A Global Challenges Research Fund project
 
The Santhal Pargana in Godda village

Following the TIGR2ESS General Assembly in Hyderabad, Charlotte Milbank, a University of Cambridge PhD student, and Shuvajit Chakraborty, executive of TIGR2ESS collaborator PRADAN, travelled to Flagship Project 1 field sites in south Bihar. Here, Charlotte recounts their insights from a week with the Santhal Pargana and Pahariya tribal groups.

I am a first year PhD student with a well-defined but so far un-located research project. My research concerns so-called 'wild' or 'uncultivated' foods (including bush meat, insects, wild fruits and leafy vegetables) and their potential nutritional and environmental benefits for rural Indian communities.

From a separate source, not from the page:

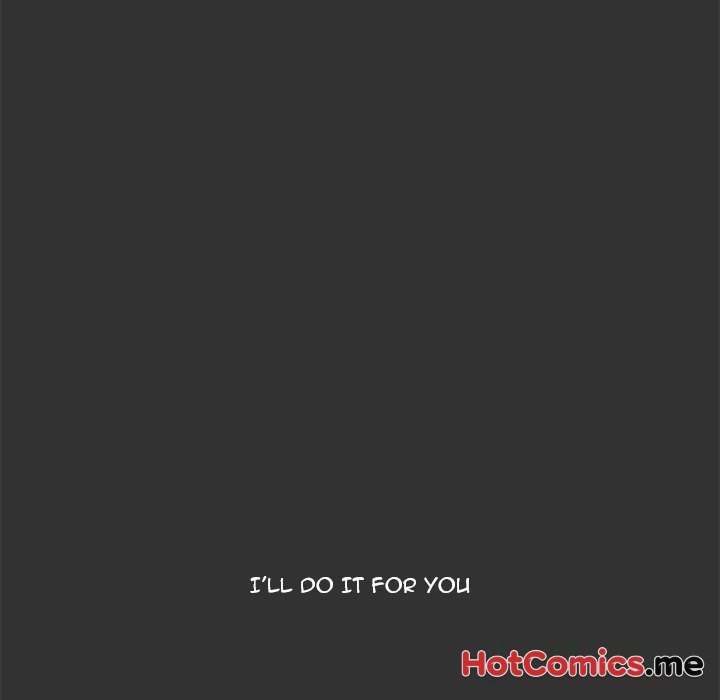 New Life, New Me - episode 78 - 98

My visit to Bihar with Professional Assistance for Development Action (PRADAN) was intended to expose me to a potential field site as I go about choosing the eventual place for my longer-term PhD fieldwork. After this week, and following conversations stemming from the General Assembly, I certainly feel spoilt for choice!

Why PRADAN?

Founded in 2005, PRADAN work with some of the poorest community groups across India, including south Bihar, helping communities (especially women) to develop their own skills and initiatives to drive the changes they need. PRADAN also partners with government and civil society groups to influence development policy in ways that align with real local values.

Bihar is home to relatively large populations of tribal groups, including the Santhal Pargana, and the Pahariyas. Since inception, PRADAN have established multiple field-sites in south Bihar working with these tribal communities on issues such as land access and rights, food security and migration. I was intrigued to learn more about these communities given their relative dependency on forest resources, including for food provision.

Visiting field sites with PRADAN allowed me to explore the complex relationships at play, aided by their in-depth knowledge of the place, local permissions and translation skills. Over the course of the week, I was able to visit three different sites, all familiar to PRADAN, and lived in by the Santhal Pargana and Pahariyas. During these visits I was able to pilot some of my proposed PhD methods.

Why research uncultivated foods?

Forest and tree-based systems are a significant source of micronutrient-rich foods for millions of people worldwide. Whilst TIGR2ESS’ primary objectives concern India’s cultivated food landscape, it is important that we understand the broader context of food practices that, for many Indian communities, also includes the use of uncultivated food resources gathered or caught in forests.

Whilst they are not staple dietary products, uncultivated foods may provide vital supplementary micronutrients and be of importance seasonally or during food crises. The degradation of forested environments in which uncultivated food practices thrive threatens their continued use, and, as a result, the food and nutrition security of the communities that use them. Supporting uncultivated forest foods could be an effective and contextually appropriate response to malnutrition, while ensuring prudent and sustainable use of natural resources.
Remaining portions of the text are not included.